= Assignment =
Every line below from the one with "Hello and welcome" through the one with "And if you need" is to be repeated exactly, with no picture among them.

= Supplied records =

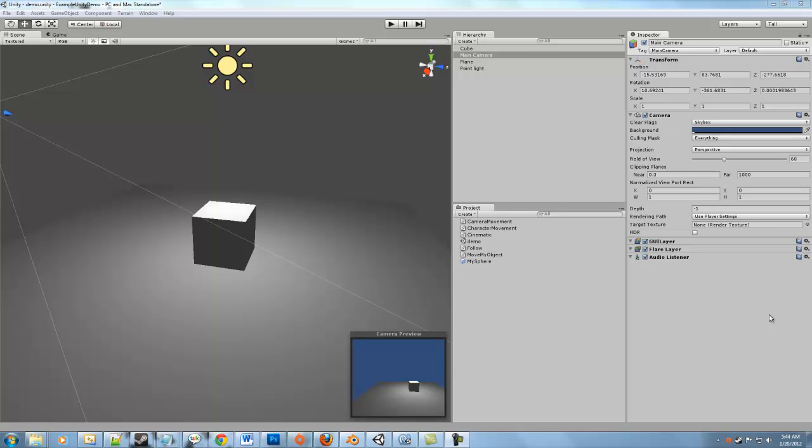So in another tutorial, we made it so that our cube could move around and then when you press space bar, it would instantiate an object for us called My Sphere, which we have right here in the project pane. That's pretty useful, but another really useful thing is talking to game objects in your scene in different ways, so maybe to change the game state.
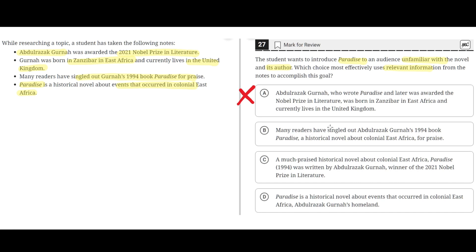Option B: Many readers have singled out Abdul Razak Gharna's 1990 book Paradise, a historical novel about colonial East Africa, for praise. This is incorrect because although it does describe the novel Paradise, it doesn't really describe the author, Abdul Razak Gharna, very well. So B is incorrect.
--
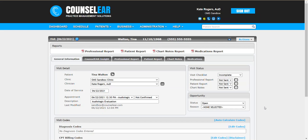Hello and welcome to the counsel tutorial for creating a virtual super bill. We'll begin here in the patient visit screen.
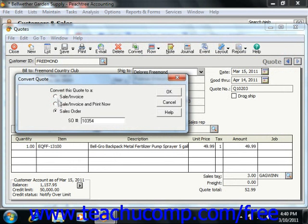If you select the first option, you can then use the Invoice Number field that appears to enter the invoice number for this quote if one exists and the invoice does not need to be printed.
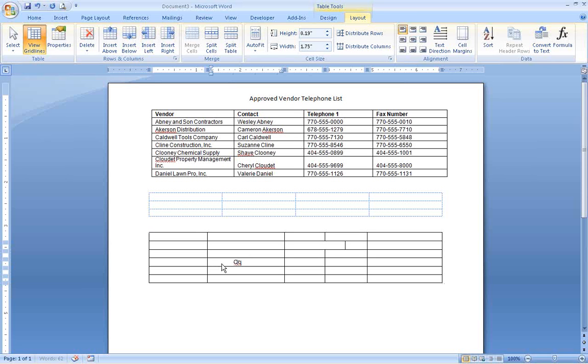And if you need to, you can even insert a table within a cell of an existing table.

= Solution =
Hello and welcome to the counsel tutorial for creating a virtual super bill. We'll begin here in the patient visit screen.
If you select the first option, you can then use the Invoice Number field that appears to enter the invoice number for this quote if one exists and the invoice does not need to be printed.
And if you need to, you can even insert a table within a cell of an existing table.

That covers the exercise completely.